Interestingly, the ZIP code (20032) receiving the highest average purchase subsidy, at just under $15,000 per transaction, was #2 in the previous section, where closing prices exceeded list prices by almost $7,000. I’m not totally sure the significance of that connection, but an easy inference to make is that government subsidies are bolstering the finances of home buyers in Southeast DC, artificially raising sale prices.

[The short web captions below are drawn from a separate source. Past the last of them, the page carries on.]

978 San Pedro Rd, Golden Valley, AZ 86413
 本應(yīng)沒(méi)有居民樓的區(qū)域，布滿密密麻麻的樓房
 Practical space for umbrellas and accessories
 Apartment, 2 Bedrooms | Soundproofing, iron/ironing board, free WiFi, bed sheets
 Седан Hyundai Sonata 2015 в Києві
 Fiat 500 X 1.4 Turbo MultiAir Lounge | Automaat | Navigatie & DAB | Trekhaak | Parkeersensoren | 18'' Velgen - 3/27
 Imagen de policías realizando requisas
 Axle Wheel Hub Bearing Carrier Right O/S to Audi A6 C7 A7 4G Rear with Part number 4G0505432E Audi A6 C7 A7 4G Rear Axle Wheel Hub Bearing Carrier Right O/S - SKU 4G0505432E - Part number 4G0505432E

I’ll be curious to see if this is a one-time coincidence, or turns out to be a trend moving forward.

zip_price <- select(g_zip, region = zip, value = avg_close_price)
choro_price <- zip_choropleth(zip_price, state_zoom = "district of columbia", title = "August 2017 DC Home Closings by ZIP Code", legend = "Close Price") + coord_map() 
choro_price

zip_sales <- select(g_zip, region = zip, value = count)
choro_sales <- zip_choropleth(zip_sales, state_zoom = "district of columbia", title = "August 2017 DC Sales Count by ZIP Code", legend = "Number of Sales") + coord_map() 
choro_sales

zip_subsidy <- select(g_zip, region = zip, value = avg_subsidy)
choro_subsidy <- zip_choropleth(zip_subsidy, state_zoom = "district of columbia", title = "August 2017 DC Home Purchase Subsidies by ZIP Code", legend = "Size of Subsidies") + coord_map() 
choro_subsidy

zip_sale_diff <- select(g_zip, region = zip, value = avg_sale_diff)
choro_sale_diff <- zip_choropleth(zip_sale_diff, state_zoom = "district of columbia", title = "August 2017 DC Closing Sale Differences by ZIP Code", legend = "Difference in Close and List Prices") + coord_map() 
choro_sale_diff

Sales of the Month (5 Most Expensive Closings)

Rank	Address	ZIP Code	List Price	Close Price	Bedrooms	Bathrooms	Half Bathrooms	Closing Date
1	3241 R ST NW	20007	4500000	4000000	5	3	2	8/15/2017
2	1339 29TH ST NW	20007	4299000	3975000	7	4	2	8/21/2017
3	2922 GLOVER DR NW	20016	3695000	3500000	6	5	1	8/1/2017
4	2121 S ST NW	20008	3400000	2900000	5	4	2	8/17/2017
5	4054 52ND TER NW	20016	2695000	2700000	5	4	2	8/1/2017

head(arrange(sales,desc(close_price)), n = 5)

Steals of the Month (5 Least Expensive Closings)

Rank	Address	ZIP Code	List Price	Bedrooms	Bathrooms	Closing Date
1	3872 9TH ST SE #102	20032	65000	1	1	8/30/2017
2	3872 9TH ST SE #302	20032	64900	1	1	8/28/2017
3	5 BRANDYWINE ST SE #B-33	20032	40000	2	1	8/2/2017
4	5 BRANDYWINE ST SE #B-35	20032	40000	2	1	8/8/2017
5	3072 30TH ST SE #302	20020	26900	2	1	8/29/2017

tail(arrange(na.omit(sales),desc(close_price)), n = 5)

Wrap-Up

All in all, exploring this data set was a great way for me to keep building my R scales while also exploring some of the macro trends in the DC housing market.

Since POPville publishes the home sales dataset monthly, I hope to be back next month with an update!